Barbash moved to Odessa in the early 1880s, where he established the Bankovskaya Kontora Barabasha, a bank that gradually was transformed into one of the largest financial institutions in the city. He supported Ḥibat Tsiyon, becoming treasurer of the Odessa Committee of the organization founded in 1890. Through his work with Ḥibat Tsiyon, Barbash became familiar with Mosheh Leib Lilienblum.


With Kalonymus Wissotzky, Barbash supported the periodical Ha-Shiloaḥ, which began publication in 1896 under its first editor, Ahad Ha-Am. Barbash went to the second Zionist Congress (1898) and attended subsequent meetings through 1913. At Theodor Herzl’s behest, he joined a committee to develop plans for founding a bank for the Zionist movement. In 1901, Barbash was part of a delegation that went to Paris to see Edmond de Rothschild; their mission, which was unsuccessful, was to convince Rothschild not to agree to let the Jewish Colonization Association (ICA) retain control of colonies in Palestine.


Barbash was an early supporter of land development in pre-state Israel. In 1904 he helped to set up and later was on the management committee of the Geulah Society, an organization that acquired real estate in Palestine and constructed houses in Tel Aviv. He contributed funds to buy land in the Talpiot district of Jerusalem, and as a participant at the Seventh Congress of the Zionist Movement (1905), he urged support for a financially troubled modern Hebrew school in Jaffa.

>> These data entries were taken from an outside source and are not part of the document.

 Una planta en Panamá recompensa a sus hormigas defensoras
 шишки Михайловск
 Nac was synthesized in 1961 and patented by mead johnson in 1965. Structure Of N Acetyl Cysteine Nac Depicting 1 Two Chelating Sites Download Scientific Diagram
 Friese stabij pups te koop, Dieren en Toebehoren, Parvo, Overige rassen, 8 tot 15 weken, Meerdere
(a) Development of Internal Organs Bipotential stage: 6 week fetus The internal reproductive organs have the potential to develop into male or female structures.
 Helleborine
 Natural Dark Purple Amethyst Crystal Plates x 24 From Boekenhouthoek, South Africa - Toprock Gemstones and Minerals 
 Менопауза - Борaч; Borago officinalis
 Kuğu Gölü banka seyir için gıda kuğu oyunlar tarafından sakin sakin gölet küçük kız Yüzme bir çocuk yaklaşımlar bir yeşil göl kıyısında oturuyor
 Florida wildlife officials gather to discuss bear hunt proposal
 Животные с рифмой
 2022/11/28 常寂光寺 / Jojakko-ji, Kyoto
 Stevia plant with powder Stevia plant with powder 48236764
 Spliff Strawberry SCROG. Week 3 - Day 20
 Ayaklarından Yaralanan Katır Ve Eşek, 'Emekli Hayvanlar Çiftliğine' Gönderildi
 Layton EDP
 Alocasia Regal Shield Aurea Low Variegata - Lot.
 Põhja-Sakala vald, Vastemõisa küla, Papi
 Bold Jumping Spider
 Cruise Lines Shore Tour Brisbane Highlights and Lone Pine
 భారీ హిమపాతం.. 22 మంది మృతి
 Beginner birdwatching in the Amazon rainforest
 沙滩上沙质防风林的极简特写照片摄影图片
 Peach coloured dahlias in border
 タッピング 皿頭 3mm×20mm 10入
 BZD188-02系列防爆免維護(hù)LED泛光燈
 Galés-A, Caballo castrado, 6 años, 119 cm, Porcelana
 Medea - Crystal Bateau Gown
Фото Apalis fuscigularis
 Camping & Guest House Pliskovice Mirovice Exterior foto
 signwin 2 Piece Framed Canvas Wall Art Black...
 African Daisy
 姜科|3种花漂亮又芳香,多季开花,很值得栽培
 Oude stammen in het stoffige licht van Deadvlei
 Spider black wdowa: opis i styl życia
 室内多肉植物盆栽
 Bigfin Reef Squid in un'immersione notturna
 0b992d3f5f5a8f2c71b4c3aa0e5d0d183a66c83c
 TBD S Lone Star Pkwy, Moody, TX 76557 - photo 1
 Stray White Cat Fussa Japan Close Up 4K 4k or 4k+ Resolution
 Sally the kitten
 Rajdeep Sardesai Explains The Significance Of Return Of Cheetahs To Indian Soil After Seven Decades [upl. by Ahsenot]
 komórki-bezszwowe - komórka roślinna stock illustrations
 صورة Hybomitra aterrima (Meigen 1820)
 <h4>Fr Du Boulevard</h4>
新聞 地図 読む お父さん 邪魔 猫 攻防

Barbash was also a prominent leader in the Odessa Jewish community. From 1891 he was a gaba’i (member of the board) of a modern yeshiva, and with Ahad Ha-Am and Simon Dubnow he played a role in the Odessa branch of the Society for the Promotion of Culture among the Jews of Russia (OPE). In 1900 when famine struck the region, he organized aid for its victims. He also was a member of the Committee for the Nationalization of Jewish Education (1901–1902) and headed the Commission for the Distribution of Charity to Poor Jews. In 1903 Barbash was among the prominent residents who successfully asked the city’s mayor for the right to elect the crown rabbi of the city of Odessa; the rabbi there, in contrast to other cities, had been appointed by the authorities. After the Bolshevik Revolution, Barbash’s assets were confiscated and he spent the rest of his life in poverty, a factor that may have hastened his death.

Suggested Reading

Joseph Goldstein, Aḥad Ha-‘Am: The Prophet of Zionism (Jerusalem, 1992); Mikhail Polishchuk, “The 1903 Rabbinical Elections in Odessa,” Shvut, n.s. 1–2 [17–18] (1995): 1–16; Mikhail Polishchuk, Evrei Odessy i Novorossii: Sotsial’no-politicheskaya istoriya evreyev Odessy i drugikh gorodov v Novorossii; 1881–1904 (Jerusalem and Moscow, 2002); Stenographische Protokoll der Verhandlungen des 7 Zionisten Kongress (Berlin, 1905).